Project 9

Patient Readmission Predictor

Build a predictive model to identify patients at high risk of 30-day hospital readmission and enable targeted intervention programs.

Project Overview

Scenario

You are a data analyst at Valley Health System, a network of three hospitals.

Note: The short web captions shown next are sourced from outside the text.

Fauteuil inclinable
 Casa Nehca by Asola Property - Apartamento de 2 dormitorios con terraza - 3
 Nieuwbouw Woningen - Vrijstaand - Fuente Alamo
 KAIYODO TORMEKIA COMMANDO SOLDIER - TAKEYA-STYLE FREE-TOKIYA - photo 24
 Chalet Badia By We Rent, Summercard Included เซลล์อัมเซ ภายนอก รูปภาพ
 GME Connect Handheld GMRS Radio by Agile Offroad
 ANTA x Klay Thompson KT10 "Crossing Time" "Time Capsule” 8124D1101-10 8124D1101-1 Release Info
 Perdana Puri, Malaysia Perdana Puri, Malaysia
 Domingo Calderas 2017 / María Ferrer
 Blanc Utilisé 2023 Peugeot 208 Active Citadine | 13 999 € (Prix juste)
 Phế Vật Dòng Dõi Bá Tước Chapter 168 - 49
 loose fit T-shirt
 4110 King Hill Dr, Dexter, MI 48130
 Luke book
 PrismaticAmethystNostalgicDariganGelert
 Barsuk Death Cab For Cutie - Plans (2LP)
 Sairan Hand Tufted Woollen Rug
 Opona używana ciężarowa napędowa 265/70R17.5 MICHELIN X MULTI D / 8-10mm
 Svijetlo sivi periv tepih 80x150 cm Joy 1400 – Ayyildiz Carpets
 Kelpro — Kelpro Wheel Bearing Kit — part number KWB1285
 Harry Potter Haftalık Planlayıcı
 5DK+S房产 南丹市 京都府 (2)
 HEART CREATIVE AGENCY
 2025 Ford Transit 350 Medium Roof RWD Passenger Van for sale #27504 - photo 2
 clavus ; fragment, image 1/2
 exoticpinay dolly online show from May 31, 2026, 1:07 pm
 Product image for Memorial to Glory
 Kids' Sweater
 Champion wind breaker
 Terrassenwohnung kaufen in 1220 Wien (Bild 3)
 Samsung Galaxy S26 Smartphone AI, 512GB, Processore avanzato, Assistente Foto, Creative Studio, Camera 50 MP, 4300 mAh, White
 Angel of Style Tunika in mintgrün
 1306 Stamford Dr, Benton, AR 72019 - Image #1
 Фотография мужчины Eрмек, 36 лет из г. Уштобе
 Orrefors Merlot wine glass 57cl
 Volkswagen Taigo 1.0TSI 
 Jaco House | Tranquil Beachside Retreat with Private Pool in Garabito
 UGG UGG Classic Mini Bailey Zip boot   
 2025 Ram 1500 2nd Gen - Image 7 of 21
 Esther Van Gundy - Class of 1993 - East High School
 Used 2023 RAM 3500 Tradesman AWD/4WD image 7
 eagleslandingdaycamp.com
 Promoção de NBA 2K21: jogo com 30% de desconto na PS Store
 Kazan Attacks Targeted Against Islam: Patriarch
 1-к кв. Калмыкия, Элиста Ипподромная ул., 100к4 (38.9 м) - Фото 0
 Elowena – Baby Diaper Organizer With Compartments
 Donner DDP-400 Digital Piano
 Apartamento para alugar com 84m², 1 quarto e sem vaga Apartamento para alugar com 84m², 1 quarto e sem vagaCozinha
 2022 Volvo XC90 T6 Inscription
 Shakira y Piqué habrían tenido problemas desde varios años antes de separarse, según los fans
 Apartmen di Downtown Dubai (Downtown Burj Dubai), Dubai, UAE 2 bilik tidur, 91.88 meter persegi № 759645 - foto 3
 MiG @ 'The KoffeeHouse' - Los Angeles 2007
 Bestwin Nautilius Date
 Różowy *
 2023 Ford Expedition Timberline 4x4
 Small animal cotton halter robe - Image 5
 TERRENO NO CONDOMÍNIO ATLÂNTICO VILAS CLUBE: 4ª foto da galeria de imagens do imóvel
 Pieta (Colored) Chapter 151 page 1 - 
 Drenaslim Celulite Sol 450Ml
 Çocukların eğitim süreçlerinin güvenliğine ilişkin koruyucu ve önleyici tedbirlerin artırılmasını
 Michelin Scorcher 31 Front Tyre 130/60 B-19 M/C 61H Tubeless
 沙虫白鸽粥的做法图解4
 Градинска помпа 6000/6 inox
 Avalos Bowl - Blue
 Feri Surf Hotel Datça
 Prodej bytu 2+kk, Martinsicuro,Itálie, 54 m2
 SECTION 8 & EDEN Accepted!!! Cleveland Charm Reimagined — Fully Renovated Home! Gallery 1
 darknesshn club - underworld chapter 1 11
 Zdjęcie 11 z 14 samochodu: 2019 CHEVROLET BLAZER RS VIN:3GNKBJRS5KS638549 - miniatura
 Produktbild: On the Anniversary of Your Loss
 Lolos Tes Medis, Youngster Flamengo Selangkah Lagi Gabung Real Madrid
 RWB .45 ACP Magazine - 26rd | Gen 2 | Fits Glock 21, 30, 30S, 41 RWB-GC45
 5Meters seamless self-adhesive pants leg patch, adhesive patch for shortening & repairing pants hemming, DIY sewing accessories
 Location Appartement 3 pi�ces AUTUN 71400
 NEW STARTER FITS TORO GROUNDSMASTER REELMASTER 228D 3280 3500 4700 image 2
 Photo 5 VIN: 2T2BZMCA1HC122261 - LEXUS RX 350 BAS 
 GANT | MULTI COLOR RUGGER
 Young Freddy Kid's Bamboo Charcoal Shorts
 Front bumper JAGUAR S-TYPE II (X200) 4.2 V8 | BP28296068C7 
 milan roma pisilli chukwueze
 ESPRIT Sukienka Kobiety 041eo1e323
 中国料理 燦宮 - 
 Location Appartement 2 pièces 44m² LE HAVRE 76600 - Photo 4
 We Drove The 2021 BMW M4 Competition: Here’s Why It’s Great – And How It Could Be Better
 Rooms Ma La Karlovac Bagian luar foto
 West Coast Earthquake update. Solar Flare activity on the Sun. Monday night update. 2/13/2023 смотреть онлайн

The quality improvement team has identified that the 30-day readmission rate is 18.4%, well above the national benchmark of 15.5%. Under the CMS Hospital Readmissions Reduction Program (HRRP), the system faces financial penalties of up to $1.8 million annually for excessive readmissions in heart failure, pneumonia, and hip/knee replacement.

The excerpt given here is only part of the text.